---- Records provided

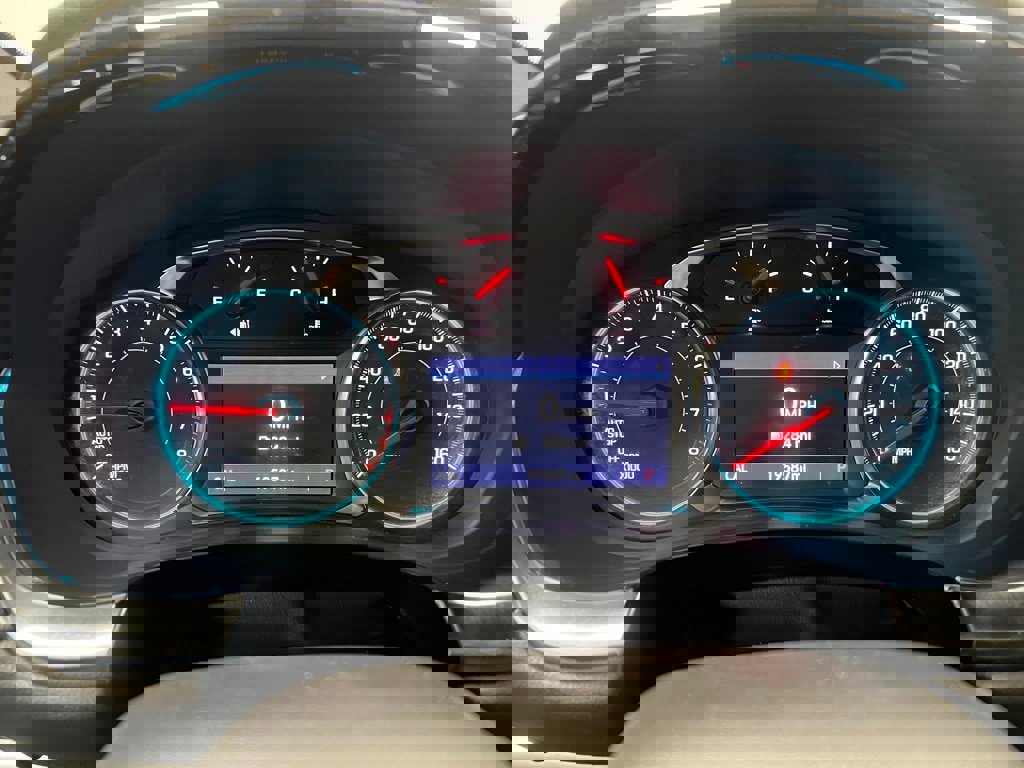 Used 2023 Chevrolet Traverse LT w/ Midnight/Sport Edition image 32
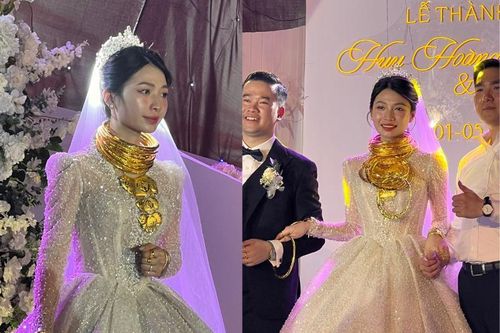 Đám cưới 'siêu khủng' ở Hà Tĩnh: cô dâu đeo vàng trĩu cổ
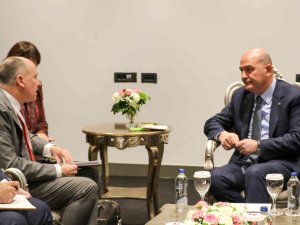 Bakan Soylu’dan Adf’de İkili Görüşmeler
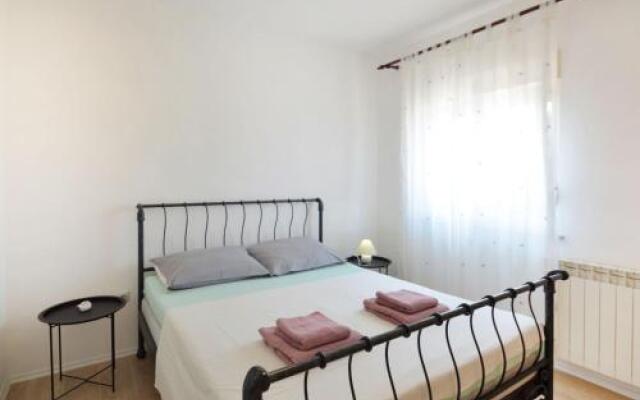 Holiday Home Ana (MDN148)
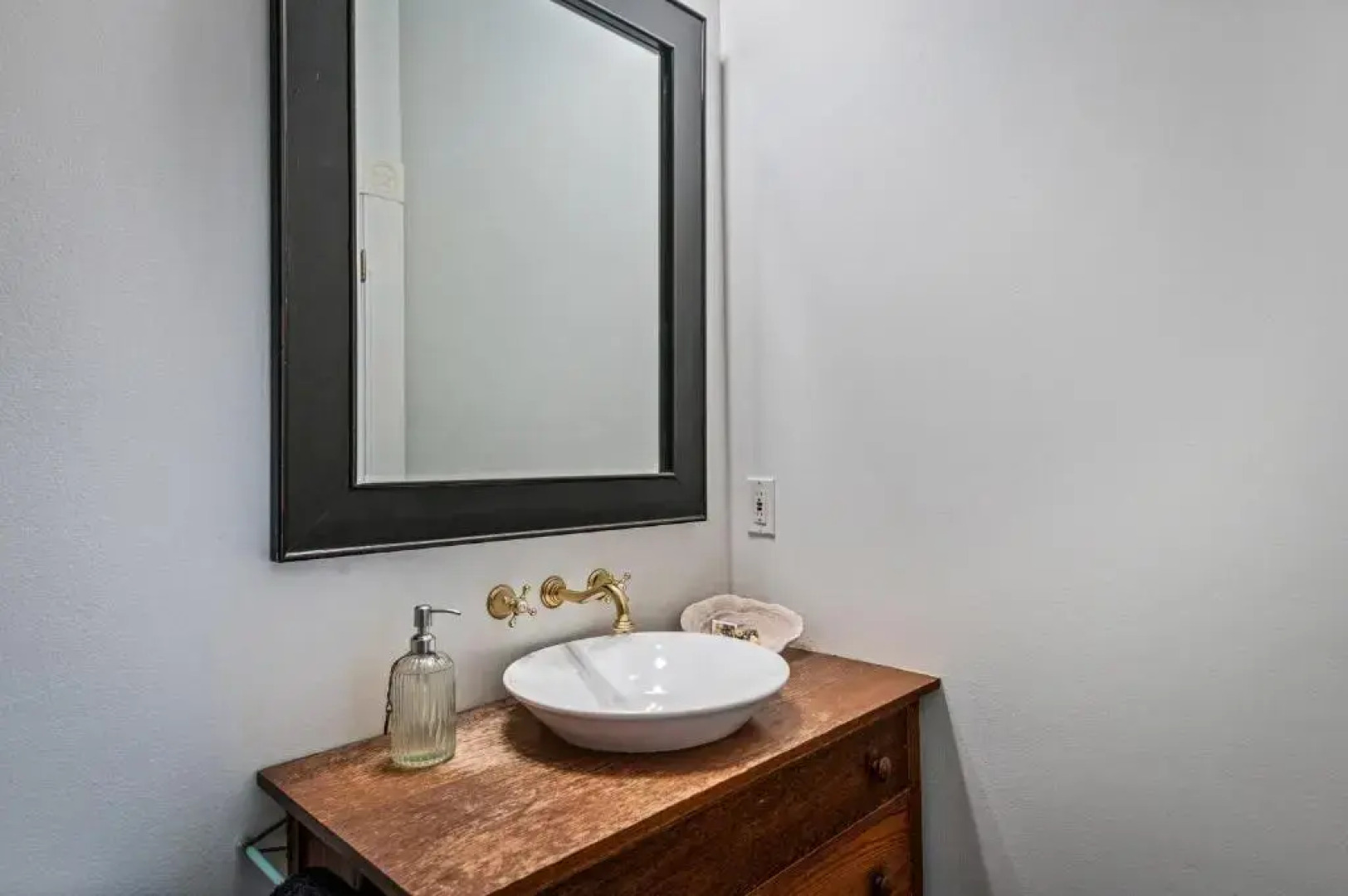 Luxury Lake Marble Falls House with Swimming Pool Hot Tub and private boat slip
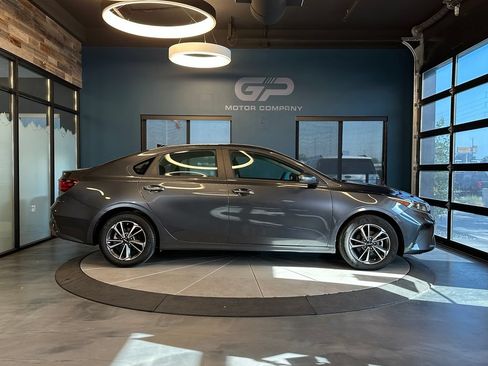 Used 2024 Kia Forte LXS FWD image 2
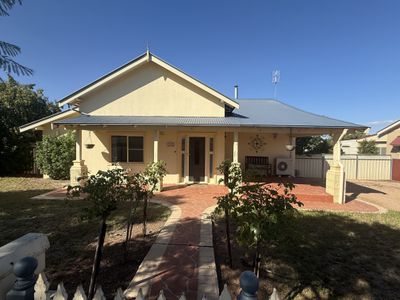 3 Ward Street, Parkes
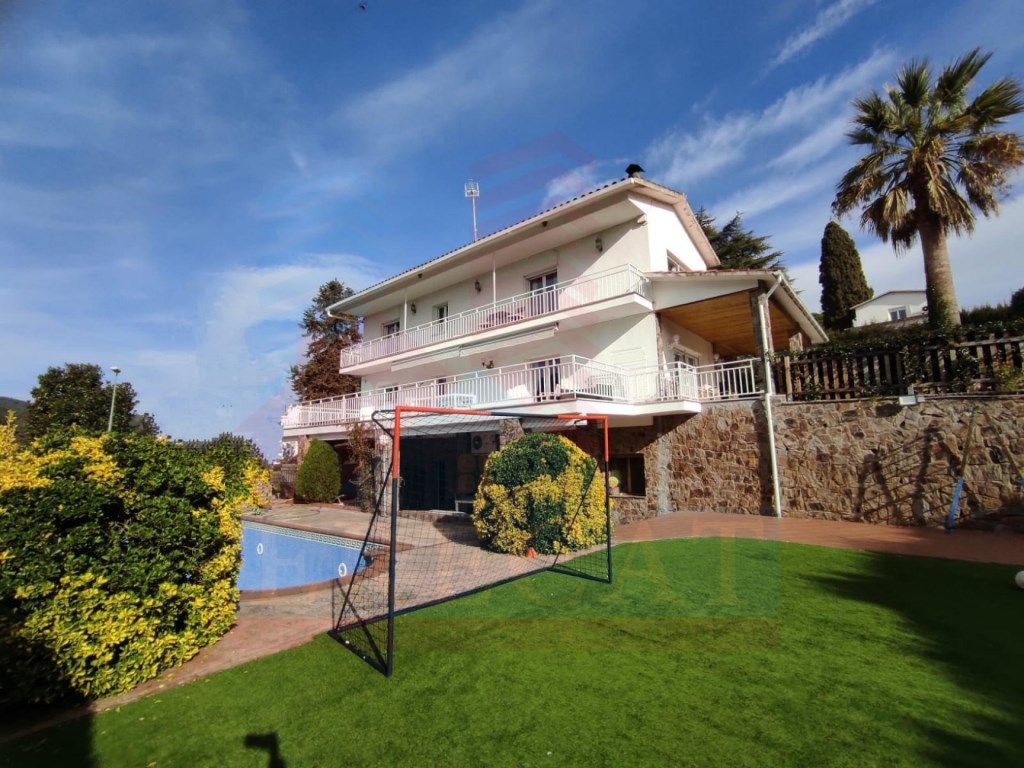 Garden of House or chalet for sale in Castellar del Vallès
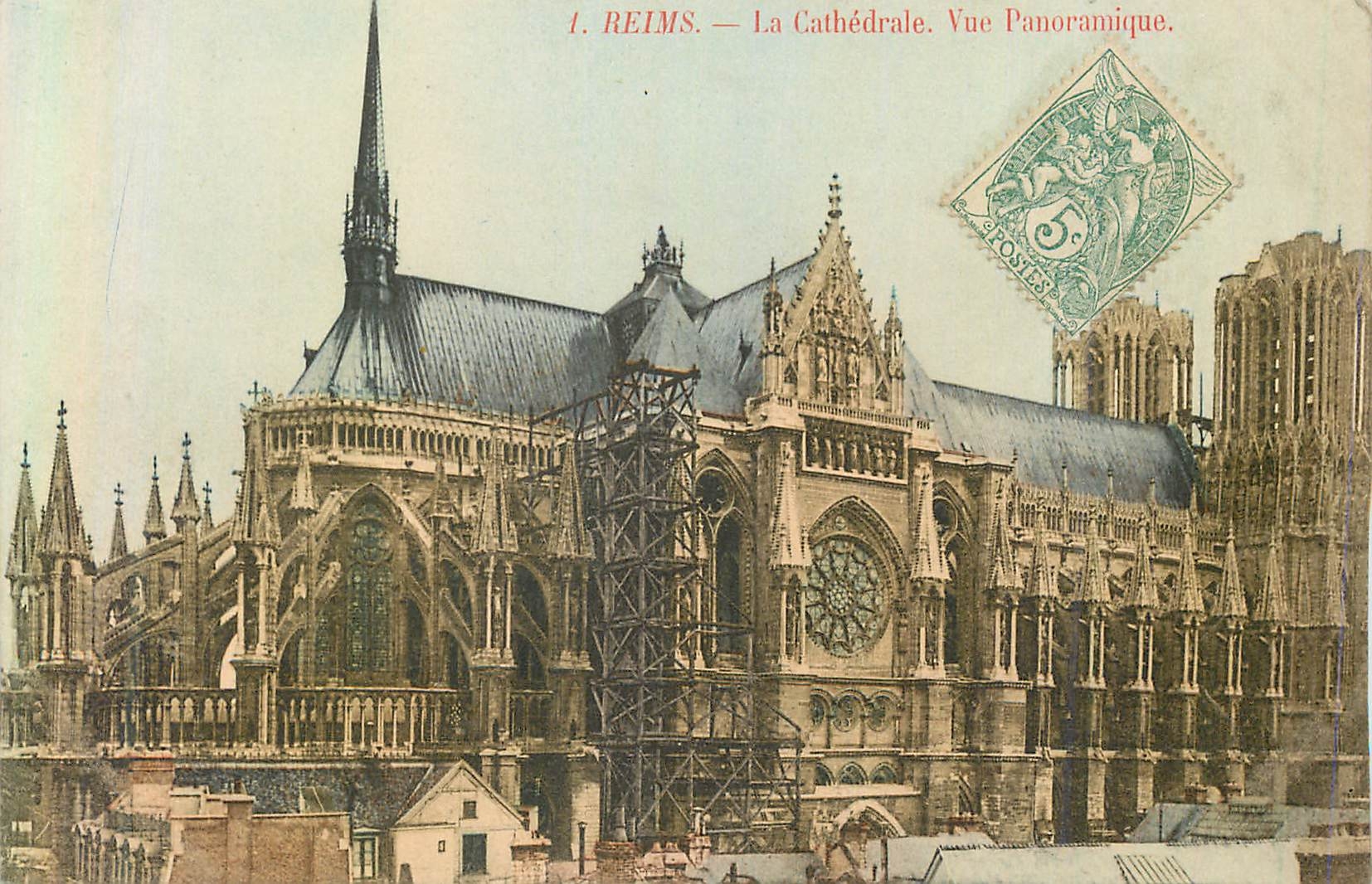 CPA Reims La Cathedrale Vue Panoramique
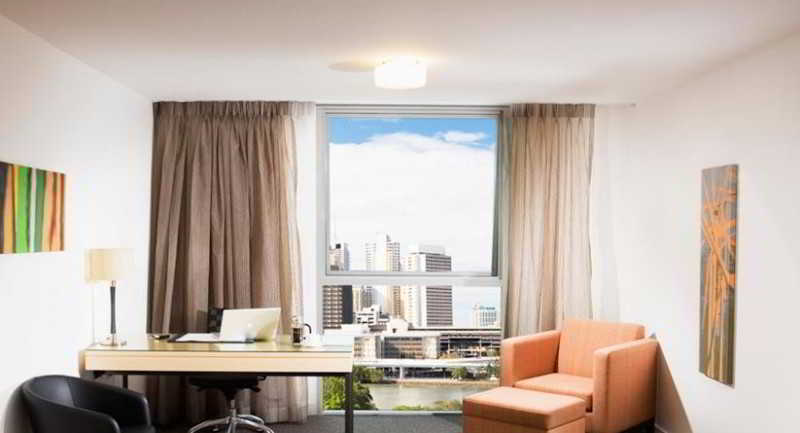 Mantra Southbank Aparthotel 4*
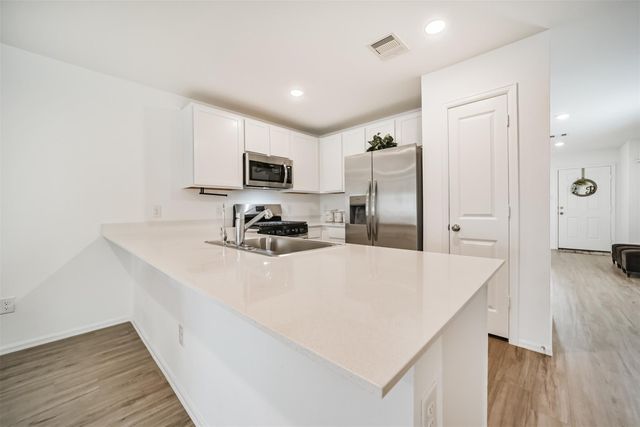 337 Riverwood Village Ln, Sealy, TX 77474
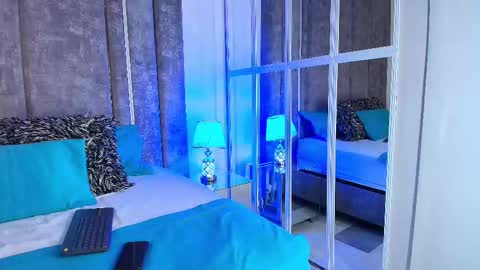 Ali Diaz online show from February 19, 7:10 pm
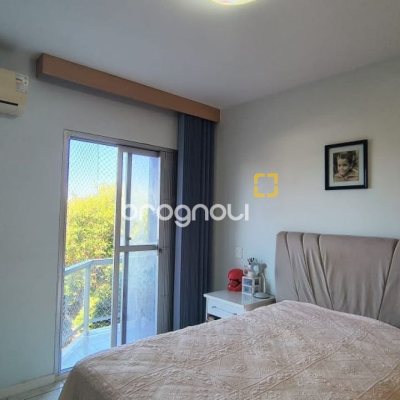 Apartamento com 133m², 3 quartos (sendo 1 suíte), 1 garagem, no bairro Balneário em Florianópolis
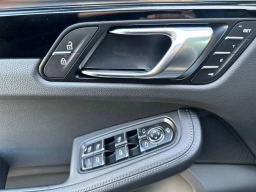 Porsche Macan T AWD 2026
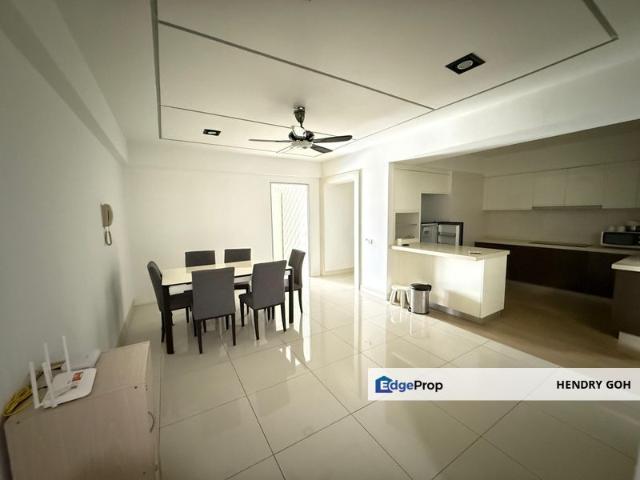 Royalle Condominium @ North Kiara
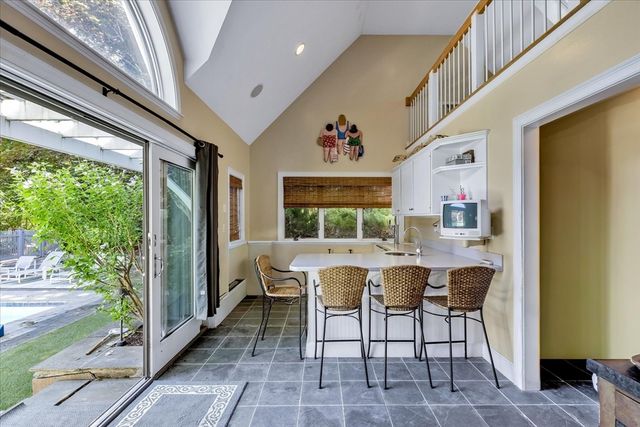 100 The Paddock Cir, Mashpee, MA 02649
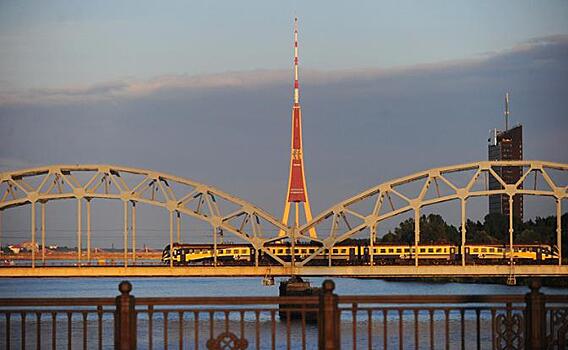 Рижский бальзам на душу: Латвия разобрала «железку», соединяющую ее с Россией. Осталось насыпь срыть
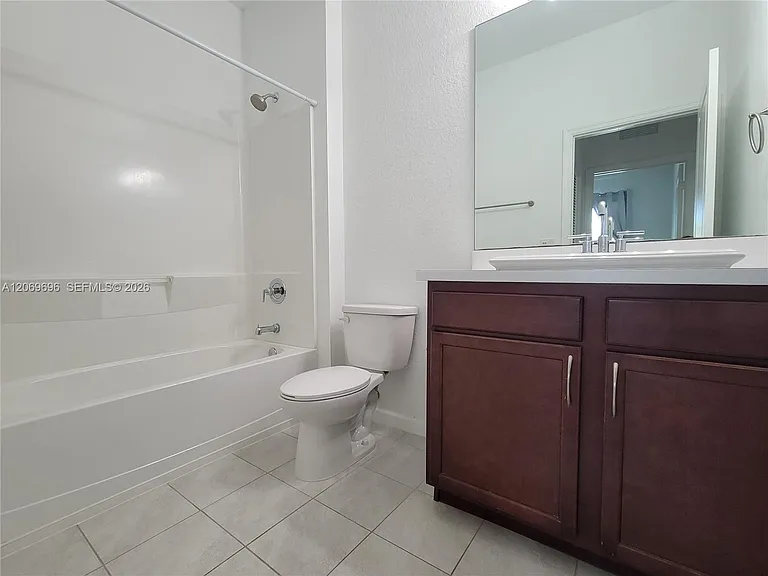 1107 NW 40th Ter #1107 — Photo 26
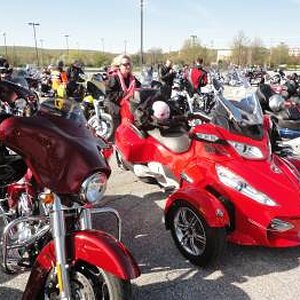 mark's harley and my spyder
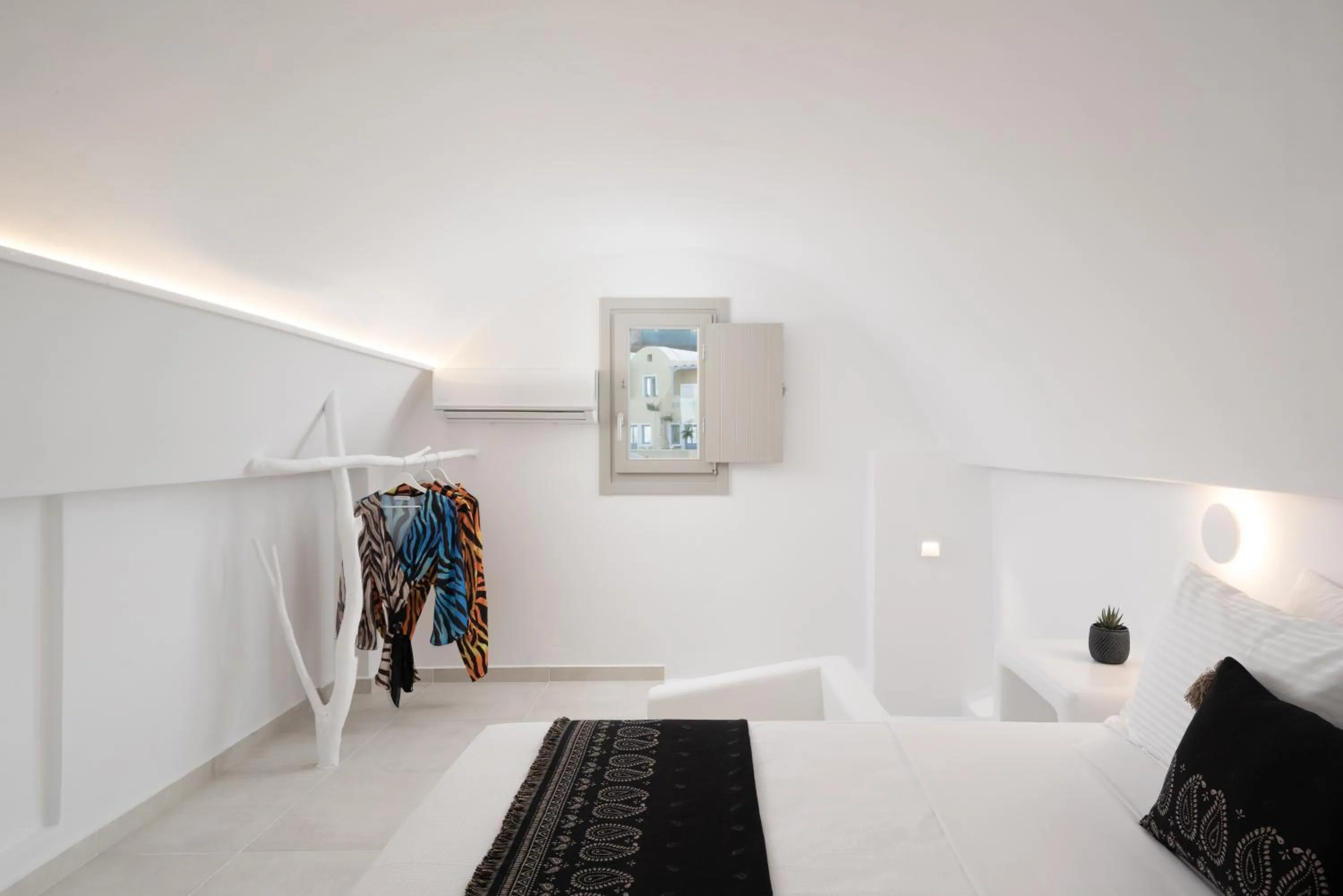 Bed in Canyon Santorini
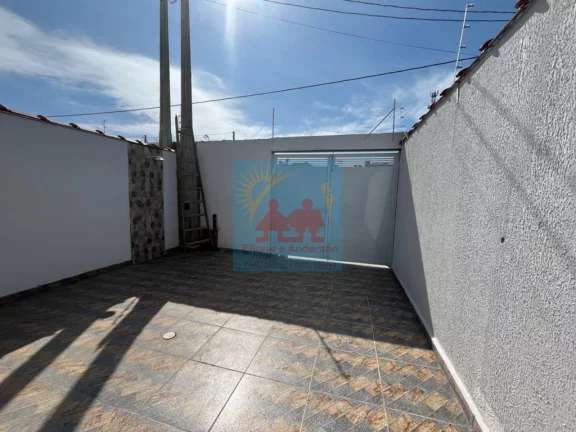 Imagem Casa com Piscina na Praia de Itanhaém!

--------

Required action: Starting at the line that contains "Garden of House", output every line through the end of the data, both ends included, and nothing else; pictures stay out.

Your response:
 Garden of House or chalet for sale in Castellar del Vallès
 CPA Reims La Cathedrale Vue Panoramique
 Mantra Southbank Aparthotel 4*
 337 Riverwood Village Ln, Sealy, TX 77474
 Ali Diaz online show from February 19, 7:10 pm
 Apartamento com 133m², 3 quartos (sendo 1 suíte), 1 garagem, no bairro Balneário em Florianópolis
 Porsche Macan T AWD 2026
 Royalle Condominium @ North Kiara
 100 The Paddock Cir, Mashpee, MA 02649
 Рижский бальзам на душу: Латвия разобрала «железку», соединяющую ее с Россией. Осталось насыпь срыть
 1107 NW 40th Ter #1107 — Photo 26
 mark's harley and my spyder
 Bed in Canyon Santorini
 Imagem Casa com Piscina na Praia de Itanhaém!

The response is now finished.